第13話 マリア夫人の小さな戦い

マリア・シュタウフェンベルグの一日は料理と共に始まる。

油を熱し、卵を割り、焼き、塩味をつける。

ベーコンを焼き、裏返し、盛りつける。

単純な料理でもマリアは手を抜かなかった。

彩り、味、香り。五感で楽しんでもらえるようマリアは常に工夫を凝らした。生来の利他主義もあってマリアの味の追求はプロにも匹敵する力があった。マリアの料理は非常に凝っていた。何ヶ月か前には料理の研究を志す者が教えを乞いにきたが、マリアはわざわざ別の人間を紹介したくらいだった。

断り文句は決まっていた。

『私は料理でお金をとる事をやめた人間よ。それより紹介した先生の方が経験豊富だから……』

それでも料理関係の人間からは完全に顔を覚えられているレベルである。それでも彼女は料理界を席巻する事よりも、大切な人と日常を過ごす事を選んだ。

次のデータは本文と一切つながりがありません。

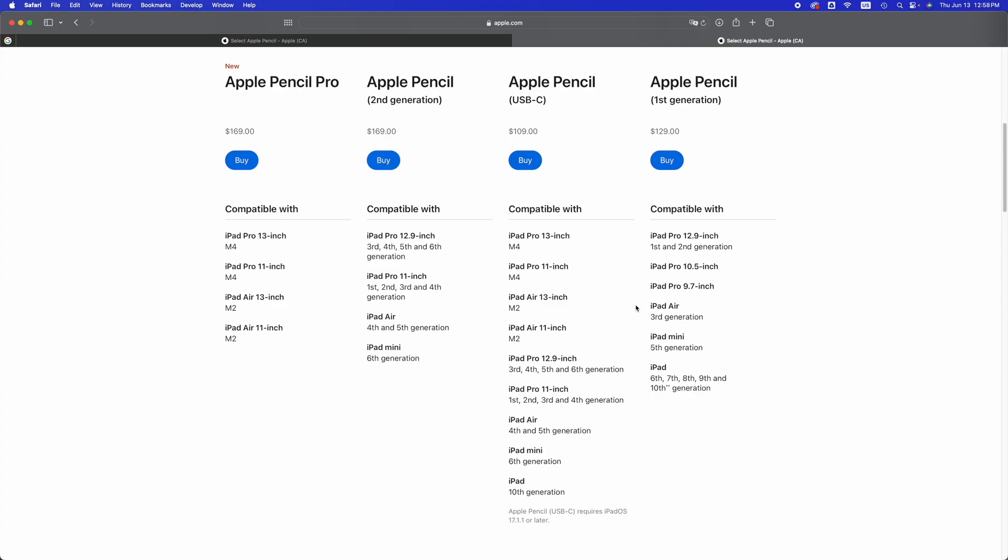Make sure your iPad has Bluetooth turned on and doesn't have low power mode or jailbreak enabled, as that could get in the way. But for most of you, that's not going to be an issue.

マリアは調理が好きだが、愛するものとの時間がそれ以上に大事だった。

「……さて、できた」

ベーコンエッグと野菜の盛り合わせ。

シンプルだが野菜の色合いと香草と胡椒の香りが目にした者の鼻孔を心地よくくすぐる絶品であった。当然味は最高であった。それらを近所のパン屋から購入したパンと野菜スープでいただく。スープはじっくりと煮込まれていた。

「…………うむ」

「どうよ?」

「マリアの料理は世界一だ」

レオハルトは普段よりも笑顔だ。満面の笑みが味を物語っている。

「お世辞でも嬉しい言葉ね」

「事実だ。僕は結構料理にはうるさくてね。こないだも軍のレーションが味気なくてな」

「あれは保存に適した作りだから……」

「分かっているさ。でもマリアの料理が恋しくなる」

「うれしい。料理の道やめてよかったわ」

「もったいない。皆で共有されるべきだ」

「あら?酷評しようと食べた人もいたわ。すぐに考えを改めたようだけど……」

「そうか。そのたわけは三枚降ろしにする必要がある」

「やめなさいよ、もう……私絡みだと冷静じゃないから……」

「すまないな気をつけるよ」

「約束よ」

「ああ」

そう言ってレオハルトの背中をマリアは見送った。その背中とすれ違うようにして見覚えのない顔を彼女は見た。

「……うん?誰かしら?」

男は一言だけ放つ。

「……マリア・シュタウフェンベルグだな?」

「……どちらさま?」

「悪いが、一緒に来てもらう」

男の手には拳銃が握られていた。

「……ええっと、誘拐?」

男はマリアのとぼけた発言に苛立ちその辺の花瓶を撃ち抜いた。鮮やかな花弁がひらりと散る。

「来なければ殺す」

マリアは無表情になった。ただし、恐怖のためではなかった。

「……その花、レアなのよ?」

「あ?」

男はそれっきり言葉らしさのある発言をする事はなかった。より性格に表現するなら出来なかった。男の右頬にマリアの右ストレートが激突した。それと同時に男の体を電気のようなエネルギーが駆け回る。

「ごぎゃげ!?げぎゃご!」

「レオハルトのおばあちゃんがくれた花!枯れたらどうしてくれるの!!」

「げげぎゃ!げげぎゃ!」

男の顔面にマリアのラッシュが集中する。殴られると同時の男の顔面はおもしろおかしく整形されていった。これは比喩ではなく文字通りの意味であった。殴打の衝撃で腫れて行くのではなく、内部から作り替えられていった。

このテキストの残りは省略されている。